Segnali. La reazione che non ti aspetti dai mercati. Cosa spinge al rialzo lo spread?

Marco Ferrando lunedì 10 giugno 2024

Dalle urne è uscita un’Italia politicamente più forte, certo, ma anche un’Europa più “estrema” e probabilmente meno incline alla pazienza con chi chiude la fila. Ci sono queste due spinte contrapposte negli scenari disegnati (e prezzati) ieri dai mercati finanziari, subito dopo il voto europeo: a farne le spese è stato anzitutto l’euro, calato sul dollaro, ma anche i titoli di Stato con annessi spread. I mercati non sempre c’azzeccano, ma i ragionamenti un po’ brutali a cui sono abituati, soprattutto in epoca di algoritmi, possono ispirare considerazioni che vanno oltre alla finanza. Da ieri, visto lo scossone elettorale tutta l’Europa è considerata un po’ meno affidabile della settimana scorsa, e sulla base di questa considerazione tutte le principali obbligazioni governative continentali hanno visto crescere i propri tassi di interesse. Ma qualcuno ha sofferto più degli altri: la Francia, al centro del terremoto politico più marcato, ma anche l’Italia. Infatti il differenziale tra il rendimento del Btp decennale e il Bund tedesco, indicatore per definizione del rischio di casa nostra, è salito a 140 punti (massimo da fine 2023) e il tasso si consolidato sopra il 4%.

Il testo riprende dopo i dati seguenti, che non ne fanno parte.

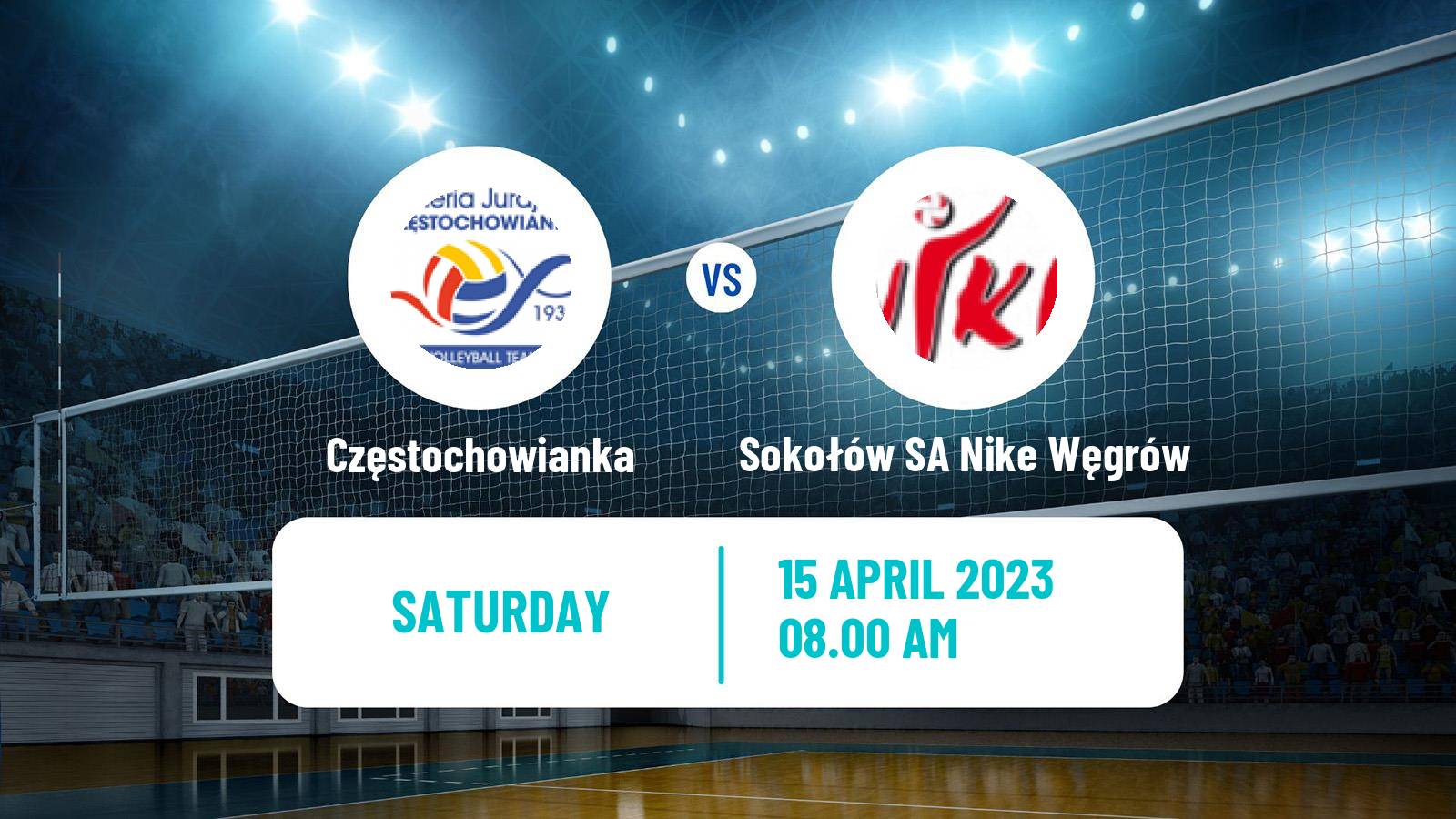 Volleyball Polish I Liga Volleyball Women Częstochowianka - Sokołów SA Nike Węgrów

Cosa spinge gli investitori allo scetticismo di fronte a un Paese che per una volta ha dato segnali inequivocabili e improntati alla stabilità? Il problema non è l’Italia, ma il contesto con cui dovrà misurarsi. Un’Unione europea sicuramente più incerta, dove la maggioranza Ursula pare in grado di reggere ma con leader indeboliti, che non potranno non tenere in maggior conto le pressioni centrifughe delle destre in ascesa e dello scarso entusiasmo per opzioni chiave come il debito comune. Morale: il rischio di un’Europa meno disposta a fare sconti, o meno tollerante verso chi si porta dietro i fondamentali economici peggiori. A partire proprio dall’Italia con il suo rapporto debito/Pil al 137,3%, secondo solo a quello della Grecia (che peraltro può contare da tempo su uno spread più basso).

Anche perché, ragionano i mercati, c’è anche dell’altro. Finora l’Italia, come il resto d’Europa e non solo, ha beneficiato di un clima sui mercati di sorprendente stabilità, in cui la crescita economica pur in rallentamento (ieri si ragionava di un possibile +1% per il Pil nel 2024) è stata ritenuta più che sufficiente a fugare ogni timore di sostenibilità dei conti pubblici sul medio-lungo periodo: la conferma è nei rating, intatti da due anni, e in uno spread fino all’altro ieri vicino ai minimi storici. Una musica destinata però a cambiare per più motivi. Accanto alle incognite politiche dei prossimi mesi, quando si definiranno i rapporti di forze e gli equilibri politici dentro la futura Commissione, ci saranno anche altre variabili destinate a pesare sul Btp, a partire dalla continua riduzione del programma di acquisti da parte della Bce e dal possibile disallineamento delle politiche monetarie con la Fed.

Allora un’Italia più tonica sarà con ogni probabilità attesa da un test sempre più impegnativo sui mercati. Una prova di stress, per valutare la tenuta politica ma anche e soprattutto finanziaria a ormai tredici anni dalla crisi dei debiti sovrani e a dodici dal “whatever it takes” di Mario Draghi, che – con il discorso più politico mai visto da parte di un banchiere centrale – fece intendere che il processo di integrazione europea basato sull’euro non era a rischio. Il voto del fine settimana rimette tutto in discussione, comprese quelle certezze granitiche su cui i mercati hanno costruito la fiducia degli ultimi anni. E che ora andrà ri-argomentata, a livello comunitario ma anche nazionale. Avere una leadership forte potrà essere di grande aiuto, ma intanto dai mercati un primo, piccolo, segnale è arrivato.